The prevalence of scores ≥4 did not vary significantly according to gender (p-value = 0.416), schooling (p-value = 0.339), income (p-value = 0.540), marital status (p-value = 0.597), or age group (p-value = 0.376) (Table 1). Nevertheless, it is noteworthy that only participants aged between 20 and 25 years old scored 9 or 10 points and only participants aged between 20 and 35 years old scored ≥8 points (Table 2).

Table 2.

Clinical and sociodemographic variables, according to GDS-SF scores ≥ 4 (Crude Poisson Regression Model). Sawré Muybu Indigenous Land, Pará, Amazon, Brazil, 2019.

GDS-SF ≥ 4
Variables PR Crude (CI 90%) p-Value
Hg Level
Hg < 10 µg/g 1.0
Hg ≥ 10 µg/g 1.6 (1.0–2.5) 0.072
Nervousness
No 1.0
Yes 2.3 (1.5–3.5) 0.001
Irritability
No 1.0
Yes 2.7 (1.9–3.9) 0.001
Regular Income
Yes 1.0
No 1.1 (0.7–1.7) 0.809
Villages
Sawré Muybu 1.0
Poxo Muybu 0.3 (0.1–0.6) 0.003
Sawré Aboy 0.9 (0.5–1.4) 0.630
Age range
≥30 years 1.0
20 to 29 years 1.3 (0.8–2.2) 0.399
12 to 19 years 0.8 (0.5–1.5) 0.624
Gender
Male 1.0
Female 1.2 (0.8–1.9) 0.418
Schooling
>9 years 1.0
5 to 9 years 1.0 (0.6–1.7) 0.918
0 to 4 years 1.6 (0.8–2.9) 0.245
School Failure
No 1.0
Yes 1.7 (1.1–2.7) 0.061
Marital Status
Married 1.0
Single/Widow 0.9 (0.5–1.4) 0.603

In the multivariate analysis (PR adjusted), the presence of depressive symptoms (indicated by the score ≥4 on the GDS-SF) appears to be associated with THg hair levels ≥ 10 µg/g (PR = 1.8; CI 95%: 1.1–3.0), complaints of irritability (PR = 3.0; CI 95%:1.9–4.9), and nervousness (PR = 2.1; CI 95%: 1.3–3.3), even when controlling the income effect (PR = 1.1; CI 95%: 0.6–1.9) and age group effect (PR = 0.7; CI 95%: 0.4–1.5; (PR = 1.4; CI 95%: 0.8–2.5) (Table 3).

Table 3.

Clinical and sociodemographic variables, according to GDS-SF scores ≥ 4 (adjusted Poisson regression model). Sawré Muybu Indigenous Land, Pará, Amazon, Brazil, 2019.

GDS-SF ≥ 4
Variables PR-Adjusted (CI 95%) p-Value
Hg Level
Hg < 10 µg/g 1.0
Hg ≥ 10 µg/g 1.8 (1.1–3.0) 0.024
Nervousness
No 1.0
Yes 2.1 (1.3–3.3) 0.003
Irritability
No 1.0
Yes 3.0 (1.9–4.9) 0.001
Regular Income
Yes 1.0
No 1.1 (0.6–1.9) 0.766
Age range
≥30 years 1.0
20 to 29 years 1.4 (0.8–2.5) 0.219
12 to 19 years 0.7 (0.4–1.5) 0.400

In other words, people with THg levels ≥10 µg/g are 1.8 times more likely to manifest depressive symptoms according to the GDS ≥ 4, when compared to people with THg levels < 10 µg/g. Participants who reported feeling excessive irritability are 3.0 times more likely to manifest depressive symptoms according to the GDS ≥ 4, in contrast to participants who did not complain of irritability. In addition, people who complained of excessive nervousness are 2.1 times more likely to manifest depressive symptoms according to the GDS ≥ 4, when compared to people who did not report feeling nervous, even when controlling the effect of the income and the age group.

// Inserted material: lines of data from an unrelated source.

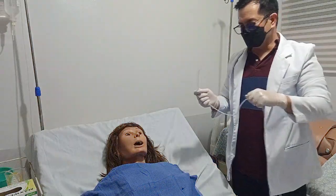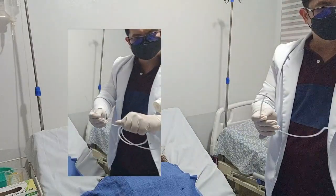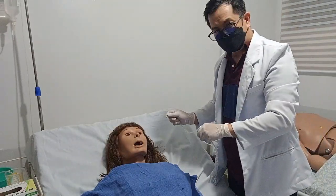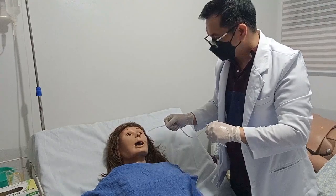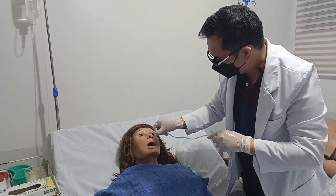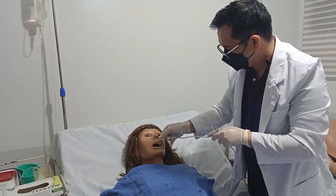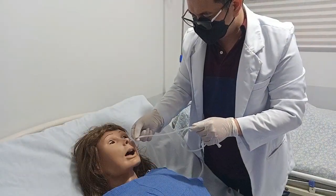Insert the tube. Lubricate the tip of the tube well with water-soluble lubricant or water to ease the insertion — you can ask somebody to help with lubrication. Once done, insert the tube with its natural curve toward the client into the selected nostril. Ask the client to hyperextend the neck and gently advance the tube toward the nasopharynx. While inserting the tube, ask the client to swallow. If the gag reflex is stimulated, use water and ask the client to sip some water. Insert the tube to the markings you have made.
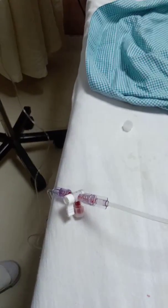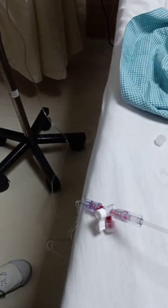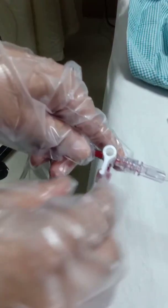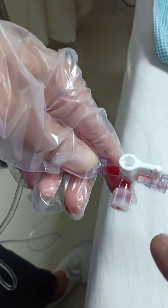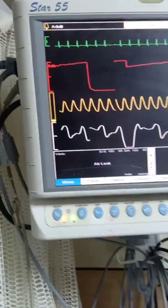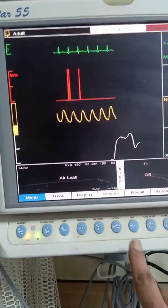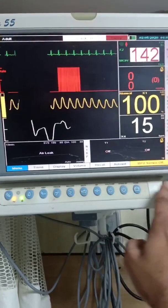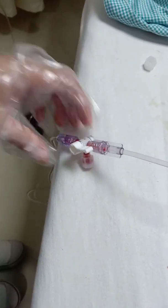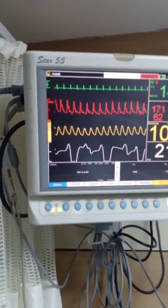Whenever we set up the arterial line for the first time, we have to zero it with the transducer at the level of the heart. We close the port towards the arterial side so the catheter line is open to atmosphere, then go to the monitor. We press the IBP zeroing point, accept it, and watch the pressure come to zero reference. Once at zero reference, we close the port to atmosphere and open the arterial line to the catheter, then observe the graphical presentation.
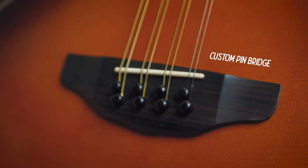Here we have a custom pin bridge, and this one takes ball end strings, which is kind of nice - it gives you more options for string gauges if you want to mix and match different strings from guitar sets. I've mostly just been playing these Mandolindo octave strings. The gauges for this set are 0.046 for the G, 0.032 for the D, 0.022 for the A, and 0.012 for the E strings.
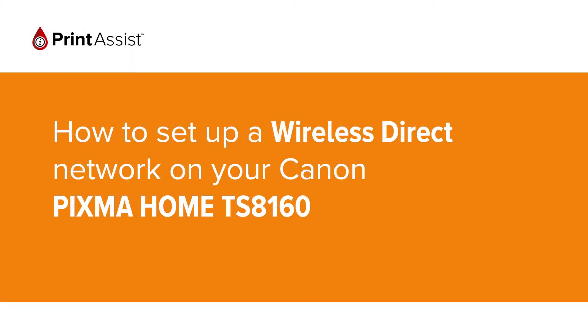In this video we're going to show you how to set the Canon PIXMA TS-8160 to Wireless Direct, also known as Access Point Mode, so that you can directly connect your smartphone, tablet or computer.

3.3. Brief Non-Structured Interviews

Besides the individual mental health indicators assessed through the GDS-SF, the non-structured interviews triggered testimonials about how goldmining is affecting these Munduruku villages collectively.

The conversations held with Munduruku people during fieldwork suggest that there is a close relationship between the impacts of illegal goldmining and Munduruku people’s decreasing Good-Living. This is mainly related to the fact that goldmining activities in Munduruku territory undermine the Munduruku people’s possibility to maintain Good-Living on their own terms. The Munduruku elders and leaders explained that, in order to cultivate the Good-Living of each community and each person, it is necessary to take care of the relationships between the different inhabitants of the forest. As one of the villages’ leaders said:

The forest (auadip) is beautiful to me; it makes me joyful and makes me recognize who I am. If I am not in the forest, I feel strange, unfocused, and shattered. And if the forest is being assaulted and hurt, I get hurt. I get sick if the forest gets sick, because my body and my speech are also made of the forest.

4. Discussion

4.1. Methylmercury Exposure and Mental Health Impacts

The relationship between mercury exposure and psychological disorders is determined by multiple etiological factors, such as the mercurial form (organic or inorganic), the duration and levels of exposure, and the pathway of contamination [50,51].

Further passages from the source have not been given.